• **PROBLEM TO SOLVE**:
Would you return the listing that follows exactly, leaving its pictures behind?

◆ ◆ ◆ ◆ ◆ ◆ ◆

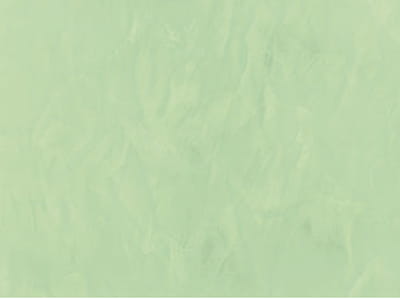 r454.jpg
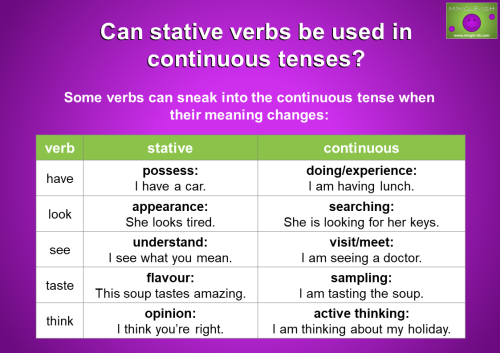A grammatical reference table titled "Can stative verbs be used in continuous tenses?" comparing the stative and continuous uses of the verbs have, look, see, taste, and think with illustrative examples.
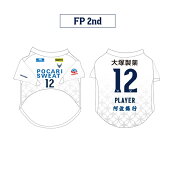 徳島ヴォルティス
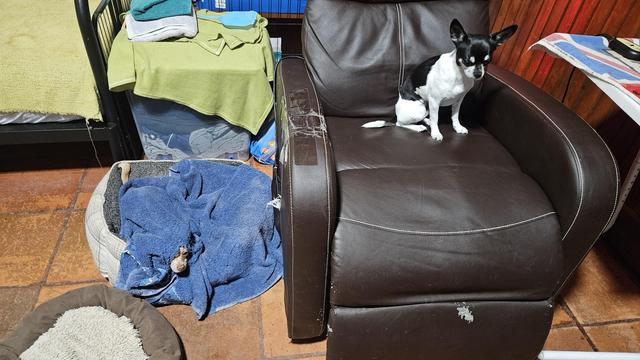 Two Chihuahuas are in a room with terracotta tile flooring. One black and white Chihuahua sits on a worn brown leather armchair, looking down and to the left. Another Chihuahua, mostly hidden under a blue towel in a dog bed, peeks out with its face visible. Another empty dog bed is on the floor to the left of the covered Chihuahua. In the background, there's a bed with a light green blanket, a clear storage bin with clothes, and a wooden wall.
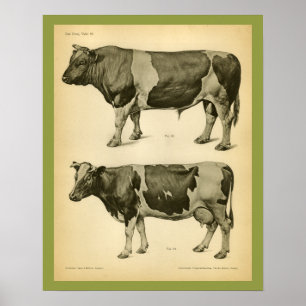 Póster Vacuna de vaca Vintage Anatomía Veterinaria Impres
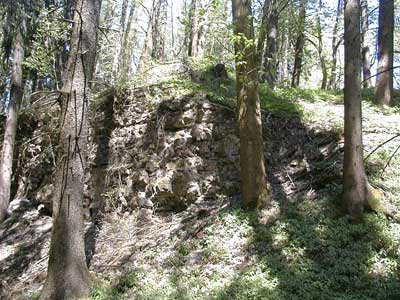 Ruine Kogl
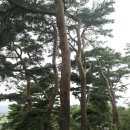 동해대로 이미지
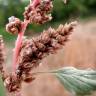 Fotografia 1 da espécie Amaranthus deflexus do Jardim Botânico UTAD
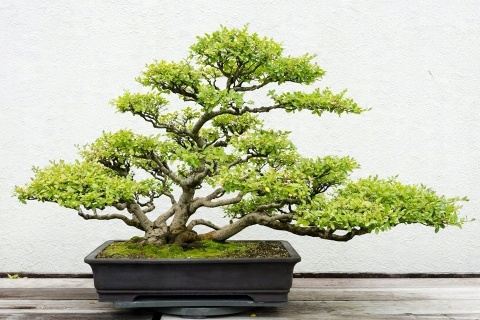 NAWÓZ FLOROVIT PŁ.DO BONSAI 0,25l (6) NAWÓZ FLOROVIT PŁ.DO BONSAI 0,25l (6)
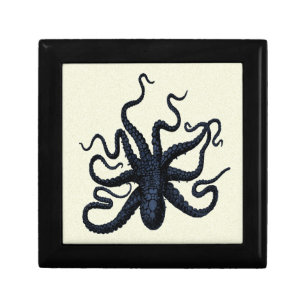 Spotted Octopus Jewelry Box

◆ ◆ ◆ ◆ ◆ ◆ ◆

• **ANSWER FOR THE TASK**:
 r454.jpg
A grammatical reference table titled "Can stative verbs be used in continuous tenses?" comparing the stative and continuous uses of the verbs have, look, see, taste, and think with illustrative examples.
 徳島ヴォルティス
 Two Chihuahuas are in a room with terracotta tile flooring. One black and white Chihuahua sits on a worn brown leather armchair, looking down and to the left. Another Chihuahua, mostly hidden under a blue towel in a dog bed, peeks out with its face visible. Another empty dog bed is on the floor to the left of the covered Chihuahua. In the background, there's a bed with a light green blanket, a clear storage bin with clothes, and a wooden wall.
 Póster Vacuna de vaca Vintage Anatomía Veterinaria Impres
 Ruine Kogl
 동해대로 이미지
 Fotografia 1 da espécie Amaranthus deflexus do Jardim Botânico UTAD
 NAWÓZ FLOROVIT PŁ.DO BONSAI 0,25l (6) NAWÓZ FLOROVIT PŁ.DO BONSAI 0,25l (6)
 Spotted Octopus Jewelry Box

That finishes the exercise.